▸ **What the task asks**: Please reproduce the full set of data below exactly.

Records contained in a dataset:
^^^^^^^^
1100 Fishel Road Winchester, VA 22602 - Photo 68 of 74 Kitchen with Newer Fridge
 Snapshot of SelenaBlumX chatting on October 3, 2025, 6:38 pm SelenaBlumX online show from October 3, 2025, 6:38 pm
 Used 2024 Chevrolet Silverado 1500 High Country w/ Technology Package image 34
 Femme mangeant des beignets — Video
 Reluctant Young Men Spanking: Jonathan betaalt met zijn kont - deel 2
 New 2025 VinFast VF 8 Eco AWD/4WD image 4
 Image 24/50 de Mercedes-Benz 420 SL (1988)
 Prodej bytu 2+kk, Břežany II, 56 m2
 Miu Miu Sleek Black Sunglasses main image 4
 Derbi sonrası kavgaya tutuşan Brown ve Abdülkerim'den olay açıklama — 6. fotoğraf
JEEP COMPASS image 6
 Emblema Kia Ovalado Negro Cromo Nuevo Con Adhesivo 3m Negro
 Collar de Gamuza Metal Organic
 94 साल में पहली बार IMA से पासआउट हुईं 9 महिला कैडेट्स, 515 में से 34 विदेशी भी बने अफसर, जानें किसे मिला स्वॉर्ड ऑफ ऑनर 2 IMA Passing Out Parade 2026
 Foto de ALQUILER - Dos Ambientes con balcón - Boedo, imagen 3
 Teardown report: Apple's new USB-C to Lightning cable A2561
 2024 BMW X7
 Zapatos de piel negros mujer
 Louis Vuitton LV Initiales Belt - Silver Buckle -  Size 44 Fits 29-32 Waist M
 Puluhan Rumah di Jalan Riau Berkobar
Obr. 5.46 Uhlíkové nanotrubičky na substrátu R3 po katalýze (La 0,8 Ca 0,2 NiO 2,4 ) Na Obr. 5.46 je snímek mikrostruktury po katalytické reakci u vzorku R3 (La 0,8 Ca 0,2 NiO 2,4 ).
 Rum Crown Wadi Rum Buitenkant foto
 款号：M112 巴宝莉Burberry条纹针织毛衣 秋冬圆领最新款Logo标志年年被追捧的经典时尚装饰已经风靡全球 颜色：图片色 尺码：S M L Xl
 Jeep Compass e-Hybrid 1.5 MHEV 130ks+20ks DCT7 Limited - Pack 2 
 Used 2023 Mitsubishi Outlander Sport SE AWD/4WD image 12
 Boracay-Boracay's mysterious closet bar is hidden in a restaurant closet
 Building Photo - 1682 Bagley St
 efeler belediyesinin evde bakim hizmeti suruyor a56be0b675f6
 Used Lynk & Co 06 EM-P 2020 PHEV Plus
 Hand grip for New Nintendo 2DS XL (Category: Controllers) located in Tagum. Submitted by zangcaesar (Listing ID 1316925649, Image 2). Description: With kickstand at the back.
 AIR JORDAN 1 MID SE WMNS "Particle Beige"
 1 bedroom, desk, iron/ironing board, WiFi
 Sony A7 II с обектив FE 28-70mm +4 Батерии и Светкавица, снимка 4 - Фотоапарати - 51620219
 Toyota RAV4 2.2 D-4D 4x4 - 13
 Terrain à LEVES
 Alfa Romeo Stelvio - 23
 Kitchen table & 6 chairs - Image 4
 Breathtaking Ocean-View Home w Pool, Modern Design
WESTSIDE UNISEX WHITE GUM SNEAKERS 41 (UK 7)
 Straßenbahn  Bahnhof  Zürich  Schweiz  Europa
^^^^^^^^
▸ **Answer space**:
1100 Fishel Road Winchester, VA 22602 - Photo 68 of 74 Kitchen with Newer Fridge
 Snapshot of SelenaBlumX chatting on October 3, 2025, 6:38 pm SelenaBlumX online show from October 3, 2025, 6:38 pm
 Used 2024 Chevrolet Silverado 1500 High Country w/ Technology Package image 34
 Femme mangeant des beignets — Video
 Reluctant Young Men Spanking: Jonathan betaalt met zijn kont - deel 2
 New 2025 VinFast VF 8 Eco AWD/4WD image 4
 Image 24/50 de Mercedes-Benz 420 SL (1988)
 Prodej bytu 2+kk, Břežany II, 56 m2
 Miu Miu Sleek Black Sunglasses main image 4
 Derbi sonrası kavgaya tutuşan Brown ve Abdülkerim'den olay açıklama — 6. fotoğraf
JEEP COMPASS image 6
 Emblema Kia Ovalado Negro Cromo Nuevo Con Adhesivo 3m Negro
 Collar de Gamuza Metal Organic
 94 साल में पहली बार IMA से पासआउट हुईं 9 महिला कैडेट्स, 515 में से 34 विदेशी भी बने अफसर, जानें किसे मिला स्वॉर्ड ऑफ ऑनर 2 IMA Passing Out Parade 2026
 Foto de ALQUILER - Dos Ambientes con balcón - Boedo, imagen 3
 Teardown report: Apple's new USB-C to Lightning cable A2561
 2024 BMW X7
 Zapatos de piel negros mujer
 Louis Vuitton LV Initiales Belt - Silver Buckle -  Size 44 Fits 29-32 Waist M
 Puluhan Rumah di Jalan Riau Berkobar
Obr. 5.46 Uhlíkové nanotrubičky na substrátu R3 po katalýze (La 0,8 Ca 0,2 NiO 2,4 ) Na Obr. 5.46 je snímek mikrostruktury po katalytické reakci u vzorku R3 (La 0,8 Ca 0,2 NiO 2,4 ).
 Rum Crown Wadi Rum Buitenkant foto
 款号：M112 巴宝莉Burberry条纹针织毛衣 秋冬圆领最新款Logo标志年年被追捧的经典时尚装饰已经风靡全球 颜色：图片色 尺码：S M L Xl
 Jeep Compass e-Hybrid 1.5 MHEV 130ks+20ks DCT7 Limited - Pack 2 
 Used 2023 Mitsubishi Outlander Sport SE AWD/4WD image 12
 Boracay-Boracay's mysterious closet bar is hidden in a restaurant closet
 Building Photo - 1682 Bagley St
 efeler belediyesinin evde bakim hizmeti suruyor a56be0b675f6
 Used Lynk & Co 06 EM-P 2020 PHEV Plus
 Hand grip for New Nintendo 2DS XL (Category: Controllers) located in Tagum. Submitted by zangcaesar (Listing ID 1316925649, Image 2). Description: With kickstand at the back.
 AIR JORDAN 1 MID SE WMNS "Particle Beige"
 1 bedroom, desk, iron/ironing board, WiFi
 Sony A7 II с обектив FE 28-70mm +4 Батерии и Светкавица, снимка 4 - Фотоапарати - 51620219
 Toyota RAV4 2.2 D-4D 4x4 - 13
 Terrain à LEVES
 Alfa Romeo Stelvio - 23
 Kitchen table & 6 chairs - Image 4
 Breathtaking Ocean-View Home w Pool, Modern Design
WESTSIDE UNISEX WHITE GUM SNEAKERS 41 (UK 7)
 Straßenbahn  Bahnhof  Zürich  Schweiz  Europa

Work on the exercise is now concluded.